What is being asked
The entries below hold a line with "KQ-1049-26-USA Callie Sofa 91 in. Slate Blue" and a line with "Almond Mocca". Return those lines and all that lie between them, exactly and only.

-- Dataset follows --

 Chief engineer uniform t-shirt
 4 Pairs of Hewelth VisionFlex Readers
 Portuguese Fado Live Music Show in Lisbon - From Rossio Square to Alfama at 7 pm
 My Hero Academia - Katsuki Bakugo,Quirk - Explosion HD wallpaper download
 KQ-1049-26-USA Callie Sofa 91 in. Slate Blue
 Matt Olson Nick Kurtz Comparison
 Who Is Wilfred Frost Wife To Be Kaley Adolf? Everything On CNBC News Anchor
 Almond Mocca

-- Dataset concluded --
-- Dataset follows --

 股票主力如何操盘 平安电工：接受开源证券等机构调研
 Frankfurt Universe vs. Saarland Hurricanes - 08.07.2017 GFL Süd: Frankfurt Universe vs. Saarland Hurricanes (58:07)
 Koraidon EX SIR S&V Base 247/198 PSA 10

-- Dataset concluded --

Answer to this task
 KQ-1049-26-USA Callie Sofa 91 in. Slate Blue
 Matt Olson Nick Kurtz Comparison
 Who Is Wilfred Frost Wife To Be Kaley Adolf? Everything On CNBC News Anchor
 Almond Mocca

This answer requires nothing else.